SMART-Lab / smartdispatch

An easy to use job launcher for supercomputers with PBS compatible job manager.
Do What The F*ck You Want To Public License
34 stars 18 forks source link

Mismatch between PBS and moab job ID on some clusters #137

Closed slefrancois closed 8 years ago

slefrancois commented 8 years ago

On Calcul Québec's Helios cluster, the PBS job ID assigned by Torque and the moab job ID do not match. Right now, smart-dispatch displays and writes into job_id.txt the job returned by qsub (from moab), while the workers log the PBS_ID from Torque, which is available on all servers.

Smart-dispatch should output consistent job IDs. When running on clusters like Helios, that would require using the ID returned by qsub to find the PBS ID and display it.

MarcCote commented 8 years ago

Right. I've also observed that on Helios. The ids contained in job_id.txt can't be used with the qdel command which is annoying.

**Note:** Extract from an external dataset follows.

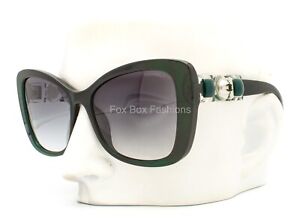 Chanel 5445H 1672/S6 Butterfly Sunglasses Crystal Dark Green w/ Glass Pearls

mgermain commented 8 years ago

I totally agree. Before that, we should investigate if there is a direct link between certain tools and which jobID is used. Tools like msub vs qsub, qstat, showq etc this will tell us if we should always report both ids or if we should "hide" the mismatch from the user and only report one.

slefrancois commented 8 years ago

I did on quick check on Colosse, which also uses msub. There qstat -f and the rest of the system output a single job id in PBS style, as expected. I haven't found traces of a separate MOAB ID.

So from my very representative two data points, I get the feeling it's a config quirk in Helios more than a feature of msub.

MarcCote commented 8 years ago

Can we close this one now that #139 is merged?